“Oh John, it’s not a real one”, called 911 rally mechanic Adam as I ran off for the Cayenne on a recent Tuthill Porsche shoot. I needed something to stand on and, in the absence of a stepladder, an SUV roof would do.
More than ten years after the Cayenne’s debut, Adam’s teasing is typical of many Porsche fans, but for sure this car is a real Porsche. It might share a platform with the Volkswagen Touareg, but then most modern cars are built using shared platforms.
Is a Golf less Volkswagen for sharing platforms with Audi and Skoda? Cheaper cars share more components than Touareg and Cayenne, but no one gives the Golf a hard time, or knocks the A3 for costing three to five grand more. Bits shared between Volks and Porsche on the big SUV platform are inconsequential. Air con ducts, ABS sensors, some airbags, seat belts, door latches. Who cares about this stuff? The heart and soul of this Big Pig is what matters, and V8 Cayenne has got it going on.
I recently picked up a copy of the book “Porsche Cayenne” by Clauspeter Becker and Stefan Warter. Dating back to 2002, it’s a glorified brochure, telling the story of Cayenne development using previously unseen pictures from the Porsche library. Some of the text reads straight from press release, but the pictures are really excellent: well worth my £8 on Amazon versus £45 on eBay.
The book zooms in on Porsche engineering and pre-release testing for the shared platform, of which there was plenty. Engine development gets its very own chapter. The Cayenne V8 was developed from scratch by Porsche to suit SUV purposes, so it’s compact – less than 600mm long for a 4.5-litre V8 – and powerful, with a mega-flat torque curve running maximum torque of 420 Nm all the way from 2,200 rpm to 5,500 rpm.
Count me impressed by the three-pump oil system, which is designed to work on inclines of 100 percent. Sit the car on the tailgate and the engine will keep running: try that in lesser machines. The closed-deck engine block features additional cast iron bottom-end bearing seats as developed for the 928, which also make the engine smoother and quieter. Lots of quiet engineering in this car.
The Cayenne’s cylinder heads follow classic 911 design. The heads are two-part: lower is the water-cooled combustion chamber and intake/exhaust ports, while the top houses the camshaft and tappet guides. The camshafts run with variable timing: hydraulic controllers shift the inlet cams by up to 50 degrees versus crankshaft rotation.

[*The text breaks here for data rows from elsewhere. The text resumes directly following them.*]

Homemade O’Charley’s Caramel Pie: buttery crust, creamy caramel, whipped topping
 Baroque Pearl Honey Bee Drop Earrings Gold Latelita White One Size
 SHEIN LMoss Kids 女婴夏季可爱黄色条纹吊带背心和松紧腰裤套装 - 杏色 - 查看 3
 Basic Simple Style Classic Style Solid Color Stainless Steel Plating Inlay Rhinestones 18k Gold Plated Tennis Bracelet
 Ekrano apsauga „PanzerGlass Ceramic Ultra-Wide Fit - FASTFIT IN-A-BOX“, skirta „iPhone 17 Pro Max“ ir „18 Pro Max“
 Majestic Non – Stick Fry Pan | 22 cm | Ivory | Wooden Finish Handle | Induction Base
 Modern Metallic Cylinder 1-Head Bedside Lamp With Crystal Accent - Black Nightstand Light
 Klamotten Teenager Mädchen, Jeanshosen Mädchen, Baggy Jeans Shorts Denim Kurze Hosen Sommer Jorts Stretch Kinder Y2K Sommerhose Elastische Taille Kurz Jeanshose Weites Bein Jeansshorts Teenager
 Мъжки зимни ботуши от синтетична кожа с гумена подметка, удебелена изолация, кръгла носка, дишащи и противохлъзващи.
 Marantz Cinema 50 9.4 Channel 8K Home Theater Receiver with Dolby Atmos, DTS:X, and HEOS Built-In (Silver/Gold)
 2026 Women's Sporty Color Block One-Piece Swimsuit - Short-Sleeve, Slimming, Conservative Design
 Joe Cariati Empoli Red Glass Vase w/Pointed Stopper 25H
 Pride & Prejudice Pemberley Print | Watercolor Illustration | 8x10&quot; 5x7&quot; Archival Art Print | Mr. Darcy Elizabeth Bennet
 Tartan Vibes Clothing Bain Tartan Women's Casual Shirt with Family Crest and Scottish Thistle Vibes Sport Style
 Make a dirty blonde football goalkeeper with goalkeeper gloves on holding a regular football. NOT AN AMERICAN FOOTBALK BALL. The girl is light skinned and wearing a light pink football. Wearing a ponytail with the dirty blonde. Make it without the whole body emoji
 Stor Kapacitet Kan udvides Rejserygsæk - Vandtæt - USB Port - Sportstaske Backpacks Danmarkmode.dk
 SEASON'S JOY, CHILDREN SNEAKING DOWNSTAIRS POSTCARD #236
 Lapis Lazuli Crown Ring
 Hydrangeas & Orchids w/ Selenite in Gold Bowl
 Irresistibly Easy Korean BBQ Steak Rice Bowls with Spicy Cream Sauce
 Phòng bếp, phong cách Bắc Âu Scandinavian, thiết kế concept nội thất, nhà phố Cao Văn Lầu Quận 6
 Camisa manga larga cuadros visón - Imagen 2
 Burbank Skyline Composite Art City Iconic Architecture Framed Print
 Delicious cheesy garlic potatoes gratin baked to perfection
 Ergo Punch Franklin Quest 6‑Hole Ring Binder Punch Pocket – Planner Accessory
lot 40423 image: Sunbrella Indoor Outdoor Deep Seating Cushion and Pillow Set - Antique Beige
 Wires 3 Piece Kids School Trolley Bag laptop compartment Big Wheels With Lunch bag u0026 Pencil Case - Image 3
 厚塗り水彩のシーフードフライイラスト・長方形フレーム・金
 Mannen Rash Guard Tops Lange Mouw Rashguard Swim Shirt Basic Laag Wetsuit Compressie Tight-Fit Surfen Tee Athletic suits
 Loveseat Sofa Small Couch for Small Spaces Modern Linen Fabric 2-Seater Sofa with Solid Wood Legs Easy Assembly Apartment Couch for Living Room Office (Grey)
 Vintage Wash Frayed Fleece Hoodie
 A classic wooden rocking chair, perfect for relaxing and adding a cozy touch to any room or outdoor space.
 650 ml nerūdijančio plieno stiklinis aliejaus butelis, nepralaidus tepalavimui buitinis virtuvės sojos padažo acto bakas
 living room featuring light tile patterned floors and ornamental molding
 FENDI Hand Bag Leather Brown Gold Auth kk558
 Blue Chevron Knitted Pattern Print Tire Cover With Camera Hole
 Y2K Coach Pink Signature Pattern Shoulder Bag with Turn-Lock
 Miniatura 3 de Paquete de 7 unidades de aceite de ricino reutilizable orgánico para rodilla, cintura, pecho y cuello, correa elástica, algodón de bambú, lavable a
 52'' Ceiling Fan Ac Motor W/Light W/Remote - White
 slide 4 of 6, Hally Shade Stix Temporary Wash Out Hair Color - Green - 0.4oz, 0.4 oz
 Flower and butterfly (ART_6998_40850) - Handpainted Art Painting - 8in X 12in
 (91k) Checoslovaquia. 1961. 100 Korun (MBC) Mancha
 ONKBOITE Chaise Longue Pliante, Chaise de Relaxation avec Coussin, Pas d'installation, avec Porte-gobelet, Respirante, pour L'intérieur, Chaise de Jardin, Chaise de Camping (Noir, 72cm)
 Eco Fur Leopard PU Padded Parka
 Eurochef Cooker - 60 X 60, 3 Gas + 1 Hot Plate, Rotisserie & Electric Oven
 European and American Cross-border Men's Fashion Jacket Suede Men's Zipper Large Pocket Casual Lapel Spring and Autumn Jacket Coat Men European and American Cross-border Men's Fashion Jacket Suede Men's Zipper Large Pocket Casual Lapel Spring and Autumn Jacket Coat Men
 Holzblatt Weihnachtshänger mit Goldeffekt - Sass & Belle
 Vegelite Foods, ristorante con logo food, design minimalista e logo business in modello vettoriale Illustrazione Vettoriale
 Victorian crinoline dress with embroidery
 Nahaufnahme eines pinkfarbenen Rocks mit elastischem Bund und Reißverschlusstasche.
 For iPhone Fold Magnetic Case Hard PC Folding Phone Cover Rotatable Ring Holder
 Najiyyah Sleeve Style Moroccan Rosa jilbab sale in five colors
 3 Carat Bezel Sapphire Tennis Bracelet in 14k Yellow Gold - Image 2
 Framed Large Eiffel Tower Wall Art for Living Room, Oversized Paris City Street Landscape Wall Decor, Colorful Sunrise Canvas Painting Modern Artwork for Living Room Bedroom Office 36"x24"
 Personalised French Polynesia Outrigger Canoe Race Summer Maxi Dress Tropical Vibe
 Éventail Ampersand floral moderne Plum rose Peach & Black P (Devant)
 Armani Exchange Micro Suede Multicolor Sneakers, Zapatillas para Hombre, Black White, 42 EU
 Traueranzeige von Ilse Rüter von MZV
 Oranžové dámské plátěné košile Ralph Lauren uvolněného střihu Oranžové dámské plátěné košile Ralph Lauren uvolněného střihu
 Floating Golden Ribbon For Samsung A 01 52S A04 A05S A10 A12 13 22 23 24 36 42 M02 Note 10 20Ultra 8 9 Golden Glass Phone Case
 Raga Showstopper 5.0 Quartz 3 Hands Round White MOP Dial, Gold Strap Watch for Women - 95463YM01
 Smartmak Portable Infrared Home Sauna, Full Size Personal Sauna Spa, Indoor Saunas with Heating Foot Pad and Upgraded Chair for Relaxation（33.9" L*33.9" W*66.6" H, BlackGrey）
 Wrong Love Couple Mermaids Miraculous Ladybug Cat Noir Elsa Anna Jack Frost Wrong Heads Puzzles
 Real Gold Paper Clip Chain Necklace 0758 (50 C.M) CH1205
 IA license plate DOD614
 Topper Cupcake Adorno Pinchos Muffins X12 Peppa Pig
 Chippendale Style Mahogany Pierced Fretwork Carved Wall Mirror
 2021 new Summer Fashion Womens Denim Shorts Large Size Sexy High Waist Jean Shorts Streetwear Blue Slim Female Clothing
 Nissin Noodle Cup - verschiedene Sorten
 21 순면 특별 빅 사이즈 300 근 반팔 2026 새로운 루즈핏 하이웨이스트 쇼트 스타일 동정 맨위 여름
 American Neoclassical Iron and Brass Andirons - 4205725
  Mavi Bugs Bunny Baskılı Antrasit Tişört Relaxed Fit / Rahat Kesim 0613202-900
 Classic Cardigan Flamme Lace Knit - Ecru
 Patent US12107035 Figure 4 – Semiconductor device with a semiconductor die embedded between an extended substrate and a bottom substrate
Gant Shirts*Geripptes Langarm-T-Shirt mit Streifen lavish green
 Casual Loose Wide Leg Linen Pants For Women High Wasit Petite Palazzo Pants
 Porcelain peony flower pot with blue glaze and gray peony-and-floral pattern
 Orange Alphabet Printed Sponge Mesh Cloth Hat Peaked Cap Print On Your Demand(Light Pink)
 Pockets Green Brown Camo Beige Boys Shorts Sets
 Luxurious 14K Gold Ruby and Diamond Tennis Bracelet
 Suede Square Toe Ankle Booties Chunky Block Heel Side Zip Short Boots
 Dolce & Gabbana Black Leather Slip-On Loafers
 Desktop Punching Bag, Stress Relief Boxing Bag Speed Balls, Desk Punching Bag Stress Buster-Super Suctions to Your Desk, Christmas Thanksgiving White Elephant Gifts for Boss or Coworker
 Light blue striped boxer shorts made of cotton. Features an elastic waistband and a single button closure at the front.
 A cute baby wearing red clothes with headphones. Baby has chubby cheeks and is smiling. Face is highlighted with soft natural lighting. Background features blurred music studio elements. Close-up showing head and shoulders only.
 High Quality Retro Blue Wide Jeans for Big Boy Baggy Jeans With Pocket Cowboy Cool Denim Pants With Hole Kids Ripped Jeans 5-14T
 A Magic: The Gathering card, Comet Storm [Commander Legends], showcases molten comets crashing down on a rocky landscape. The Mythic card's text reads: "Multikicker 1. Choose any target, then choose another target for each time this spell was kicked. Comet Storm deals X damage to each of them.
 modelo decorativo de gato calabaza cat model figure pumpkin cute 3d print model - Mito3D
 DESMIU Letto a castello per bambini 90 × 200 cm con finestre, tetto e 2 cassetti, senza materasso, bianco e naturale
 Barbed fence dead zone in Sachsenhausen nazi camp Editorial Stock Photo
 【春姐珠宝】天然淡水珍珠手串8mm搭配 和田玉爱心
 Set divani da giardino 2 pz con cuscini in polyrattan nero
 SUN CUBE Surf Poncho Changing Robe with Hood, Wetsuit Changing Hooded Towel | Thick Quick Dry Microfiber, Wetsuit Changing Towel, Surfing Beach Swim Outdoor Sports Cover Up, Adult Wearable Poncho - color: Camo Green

Timing chain diagrams are pretty amazing: a huge duplex chain running four overhead cams, with a second single-row chain driving those three oil pumps. It would be interesting to see timing chain ramp wear after 150,000 miles or so. I’ll be watching for that opportunity, but have already driven a 250,000-mile Cayenne with a silent V8 engine, so not holding my breath.
The Cayenne V8 engines are built in Stuttgart-Zuffenhausen before shipping to Leipzig for installation. Cayenne not a real Porsche? Makes me laugh!